Spark on Amazon EMR (for CS 205)

Very Important: Please terminate the cluster as soon as you are done. Otherwise, you will continue to be charged!

Prerequisites: You need to have Amazon Educate account and a working ssh setup

Obtain an Amazon AWS account if you have not done it already. Please visit:
AWS Educate

SSH keypair (one time)

Instructions for quick EMR cluster creation (No Jupyter or Ipython notebook)

(you can run spark jobs with spark-submit and pyspark)


Instructions for EMR with Jupyter Notebook (takes at least 30 minutes!)

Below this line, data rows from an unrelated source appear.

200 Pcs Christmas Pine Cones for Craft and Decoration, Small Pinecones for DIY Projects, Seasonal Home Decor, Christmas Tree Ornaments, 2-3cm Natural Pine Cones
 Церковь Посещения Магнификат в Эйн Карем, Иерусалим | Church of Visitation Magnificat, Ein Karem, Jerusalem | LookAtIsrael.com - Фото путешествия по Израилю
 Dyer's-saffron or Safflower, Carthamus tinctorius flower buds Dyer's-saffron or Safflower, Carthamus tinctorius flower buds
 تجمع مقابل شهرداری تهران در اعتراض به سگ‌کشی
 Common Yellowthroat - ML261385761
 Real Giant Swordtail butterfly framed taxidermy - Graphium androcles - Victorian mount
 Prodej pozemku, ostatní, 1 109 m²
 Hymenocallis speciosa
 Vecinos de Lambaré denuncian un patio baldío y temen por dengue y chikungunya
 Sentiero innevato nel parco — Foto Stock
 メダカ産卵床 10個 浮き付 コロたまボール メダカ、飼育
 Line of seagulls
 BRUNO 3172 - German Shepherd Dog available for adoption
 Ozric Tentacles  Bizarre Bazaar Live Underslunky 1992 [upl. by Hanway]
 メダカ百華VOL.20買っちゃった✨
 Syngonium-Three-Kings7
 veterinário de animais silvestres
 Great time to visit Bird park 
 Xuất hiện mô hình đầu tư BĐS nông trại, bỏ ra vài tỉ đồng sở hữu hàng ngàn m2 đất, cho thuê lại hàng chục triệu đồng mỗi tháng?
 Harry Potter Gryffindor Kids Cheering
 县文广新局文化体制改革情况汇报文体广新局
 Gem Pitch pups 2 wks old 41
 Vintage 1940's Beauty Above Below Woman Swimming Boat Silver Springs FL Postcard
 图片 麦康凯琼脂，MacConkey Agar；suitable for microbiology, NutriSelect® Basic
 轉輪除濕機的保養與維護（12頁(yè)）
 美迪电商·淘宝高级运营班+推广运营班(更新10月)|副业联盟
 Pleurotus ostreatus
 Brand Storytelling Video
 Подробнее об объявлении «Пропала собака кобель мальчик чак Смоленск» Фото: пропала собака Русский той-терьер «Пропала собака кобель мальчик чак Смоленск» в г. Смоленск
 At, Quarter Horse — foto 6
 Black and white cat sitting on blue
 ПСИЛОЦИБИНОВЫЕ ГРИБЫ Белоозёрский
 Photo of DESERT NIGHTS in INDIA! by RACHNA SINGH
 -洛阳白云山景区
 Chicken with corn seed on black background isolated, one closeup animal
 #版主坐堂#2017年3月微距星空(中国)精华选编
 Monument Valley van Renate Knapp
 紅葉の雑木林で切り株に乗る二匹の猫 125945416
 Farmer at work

(This is based on the AWS blog: https://aws.amazon.com/blogs/big-data/running-jupyter-notebook-and-jupyterhub-on-amazon-emr/)

 

  1. Login to Amazon AWS consol
    https://aws.amazon.com/emr/
  2. Click on Services at the top left and choose EMR from the panel of services
  3. Click on "Create Cluster" and choose "Advanced Options"
  4. "Software Configuration": Add Spark to the list and choose "Next" at the bottom
  5. "Hardware": You can leave the default hardware (m3.xlarge) and choose the number of
    core instances. (the default are 1 and 2). You will be charged for this. If you want to know how much
    you will be charged, visit:
    https://aws.amazon.com/emr/pricing/
  6. General Options:
    1. choose a name
    2. uncheck termination protection
    3. choose Bootstrap Action:
      1. Add Bootstrap Action --> choose "Custom Action"
                                          --> click "Configure and Add"
                                          --> Choose any name
                                          -->  Copy and paste the following in "Script Location"
        s3://emr-scripts-kindires/install-jupyter-emr-12212016.sh
  7. Security ---> if you have ssh keys created (see below), select that for the EC2 keypair.
                        You need this for sshing to the cluster.
  8. Create cluster

Terminating the cluster

You can terminate the cluster by pressing the terminate button on the cluster "dashboard".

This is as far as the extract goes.